◆ **Aim of the task**
Among the entries that follow, the required portion opens with the line containing "Pangdam IV/Diponegoro Hadiri" and closes with the line containing "Bv*b*rry shopping bags". Give that portion again exactly, and nothing else.

◆ **Dataset**

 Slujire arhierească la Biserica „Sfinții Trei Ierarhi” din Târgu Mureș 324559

==

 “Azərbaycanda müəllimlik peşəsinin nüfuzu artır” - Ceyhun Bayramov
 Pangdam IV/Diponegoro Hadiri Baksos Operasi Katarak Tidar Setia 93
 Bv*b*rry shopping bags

---

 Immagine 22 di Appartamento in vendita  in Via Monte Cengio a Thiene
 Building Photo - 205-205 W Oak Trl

◆ **Solution for this problem**
 Pangdam IV/Diponegoro Hadiri Baksos Operasi Katarak Tidar Setia 93
 Bv*b*rry shopping bags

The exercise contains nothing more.